╭─ DATA

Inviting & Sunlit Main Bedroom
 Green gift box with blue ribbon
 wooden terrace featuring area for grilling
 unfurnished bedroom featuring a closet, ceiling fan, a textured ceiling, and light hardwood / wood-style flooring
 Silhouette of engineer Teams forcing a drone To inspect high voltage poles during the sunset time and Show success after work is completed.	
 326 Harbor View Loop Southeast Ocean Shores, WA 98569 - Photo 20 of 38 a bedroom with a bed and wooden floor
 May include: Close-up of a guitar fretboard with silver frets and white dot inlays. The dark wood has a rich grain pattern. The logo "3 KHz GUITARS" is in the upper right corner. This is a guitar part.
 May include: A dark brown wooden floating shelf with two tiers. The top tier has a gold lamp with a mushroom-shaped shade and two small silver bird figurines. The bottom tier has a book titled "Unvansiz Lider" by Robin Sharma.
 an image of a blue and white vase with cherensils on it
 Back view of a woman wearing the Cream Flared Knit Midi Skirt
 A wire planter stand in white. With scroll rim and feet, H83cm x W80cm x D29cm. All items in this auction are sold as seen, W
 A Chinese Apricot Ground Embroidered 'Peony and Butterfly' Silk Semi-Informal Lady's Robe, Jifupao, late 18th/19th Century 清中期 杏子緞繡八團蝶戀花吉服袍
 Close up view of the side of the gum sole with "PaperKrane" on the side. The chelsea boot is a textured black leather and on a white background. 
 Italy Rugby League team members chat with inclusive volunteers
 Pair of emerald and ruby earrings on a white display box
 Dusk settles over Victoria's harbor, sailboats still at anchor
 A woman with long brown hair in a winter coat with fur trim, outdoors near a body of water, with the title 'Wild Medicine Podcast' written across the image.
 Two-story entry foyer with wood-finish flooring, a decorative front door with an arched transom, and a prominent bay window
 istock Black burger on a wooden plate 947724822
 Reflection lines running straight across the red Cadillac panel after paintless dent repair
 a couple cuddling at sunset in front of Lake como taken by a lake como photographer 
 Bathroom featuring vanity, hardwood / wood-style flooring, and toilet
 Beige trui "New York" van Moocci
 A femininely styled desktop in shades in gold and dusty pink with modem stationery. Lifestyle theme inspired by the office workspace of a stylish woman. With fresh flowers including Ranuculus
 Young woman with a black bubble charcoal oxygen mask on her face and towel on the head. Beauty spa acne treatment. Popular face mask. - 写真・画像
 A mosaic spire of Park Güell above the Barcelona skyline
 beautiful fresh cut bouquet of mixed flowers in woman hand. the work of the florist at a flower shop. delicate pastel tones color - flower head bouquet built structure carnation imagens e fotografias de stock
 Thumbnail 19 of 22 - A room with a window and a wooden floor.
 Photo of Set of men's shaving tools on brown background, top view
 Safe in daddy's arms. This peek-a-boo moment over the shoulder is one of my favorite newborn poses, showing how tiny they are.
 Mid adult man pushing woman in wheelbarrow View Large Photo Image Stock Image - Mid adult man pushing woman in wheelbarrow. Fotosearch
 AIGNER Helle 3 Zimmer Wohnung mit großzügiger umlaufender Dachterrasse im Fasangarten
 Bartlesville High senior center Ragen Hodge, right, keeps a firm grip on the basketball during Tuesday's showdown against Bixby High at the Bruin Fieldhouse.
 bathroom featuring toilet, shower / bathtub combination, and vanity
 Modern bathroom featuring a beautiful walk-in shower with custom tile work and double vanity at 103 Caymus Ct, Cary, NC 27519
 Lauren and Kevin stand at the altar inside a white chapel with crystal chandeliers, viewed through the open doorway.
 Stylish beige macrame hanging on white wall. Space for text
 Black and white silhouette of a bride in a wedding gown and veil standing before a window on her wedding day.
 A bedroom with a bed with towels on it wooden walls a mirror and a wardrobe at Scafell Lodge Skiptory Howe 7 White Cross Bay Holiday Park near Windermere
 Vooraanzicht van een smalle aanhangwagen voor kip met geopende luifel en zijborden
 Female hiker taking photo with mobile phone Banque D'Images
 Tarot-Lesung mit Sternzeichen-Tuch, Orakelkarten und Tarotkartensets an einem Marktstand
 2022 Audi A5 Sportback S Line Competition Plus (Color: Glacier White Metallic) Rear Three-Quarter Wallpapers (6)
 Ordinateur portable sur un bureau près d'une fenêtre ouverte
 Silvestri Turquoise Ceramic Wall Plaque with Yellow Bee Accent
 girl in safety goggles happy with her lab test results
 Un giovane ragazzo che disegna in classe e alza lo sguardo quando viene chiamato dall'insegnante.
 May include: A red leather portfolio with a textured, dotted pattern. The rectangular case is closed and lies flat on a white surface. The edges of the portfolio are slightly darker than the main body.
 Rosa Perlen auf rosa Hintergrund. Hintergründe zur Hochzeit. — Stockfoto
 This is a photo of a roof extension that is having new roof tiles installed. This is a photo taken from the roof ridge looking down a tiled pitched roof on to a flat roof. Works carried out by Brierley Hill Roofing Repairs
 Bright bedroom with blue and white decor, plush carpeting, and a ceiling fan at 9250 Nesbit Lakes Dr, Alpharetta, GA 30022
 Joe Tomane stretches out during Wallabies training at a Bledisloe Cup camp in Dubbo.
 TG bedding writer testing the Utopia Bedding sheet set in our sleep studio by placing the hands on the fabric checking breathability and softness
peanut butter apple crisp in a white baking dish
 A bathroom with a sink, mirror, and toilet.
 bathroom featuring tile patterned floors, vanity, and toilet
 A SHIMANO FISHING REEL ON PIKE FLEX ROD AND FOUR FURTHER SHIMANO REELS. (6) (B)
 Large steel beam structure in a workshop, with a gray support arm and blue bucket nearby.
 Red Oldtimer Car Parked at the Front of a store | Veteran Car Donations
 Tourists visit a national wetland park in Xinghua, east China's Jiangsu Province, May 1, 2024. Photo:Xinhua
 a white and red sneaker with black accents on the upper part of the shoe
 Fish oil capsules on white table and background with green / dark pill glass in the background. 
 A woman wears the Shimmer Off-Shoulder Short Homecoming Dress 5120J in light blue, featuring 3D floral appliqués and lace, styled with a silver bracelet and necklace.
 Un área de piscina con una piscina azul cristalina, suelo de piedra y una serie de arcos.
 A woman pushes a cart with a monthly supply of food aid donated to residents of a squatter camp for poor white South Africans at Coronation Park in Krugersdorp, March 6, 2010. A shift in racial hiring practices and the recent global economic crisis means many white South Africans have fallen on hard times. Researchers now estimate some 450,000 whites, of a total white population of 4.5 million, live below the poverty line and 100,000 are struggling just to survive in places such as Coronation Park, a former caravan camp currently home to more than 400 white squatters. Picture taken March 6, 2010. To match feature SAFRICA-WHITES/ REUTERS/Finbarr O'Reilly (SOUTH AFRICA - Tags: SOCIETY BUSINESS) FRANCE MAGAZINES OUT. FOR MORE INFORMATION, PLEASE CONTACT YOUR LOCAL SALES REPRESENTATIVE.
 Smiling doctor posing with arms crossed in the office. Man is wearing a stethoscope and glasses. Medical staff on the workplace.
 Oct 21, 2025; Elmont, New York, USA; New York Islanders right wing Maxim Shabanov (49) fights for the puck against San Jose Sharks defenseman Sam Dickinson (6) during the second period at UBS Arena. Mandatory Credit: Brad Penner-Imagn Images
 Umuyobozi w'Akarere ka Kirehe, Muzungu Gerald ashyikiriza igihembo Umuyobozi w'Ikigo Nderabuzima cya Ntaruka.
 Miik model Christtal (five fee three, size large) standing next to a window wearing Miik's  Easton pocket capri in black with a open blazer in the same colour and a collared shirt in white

╰─

**REQUIRED ACTION**
Only the lines above starting with the one with "bathroom featuring toilet, shower" and going through the one with "Stylish beige macrame" are to be copied, word for word and with both ends kept.

**SOLUTION TO THIS EXERCISE**
 bathroom featuring toilet, shower / bathtub combination, and vanity
 Modern bathroom featuring a beautiful walk-in shower with custom tile work and double vanity at 103 Caymus Ct, Cary, NC 27519
 Lauren and Kevin stand at the altar inside a white chapel with crystal chandeliers, viewed through the open doorway.
 Stylish beige macrame hanging on white wall. Space for text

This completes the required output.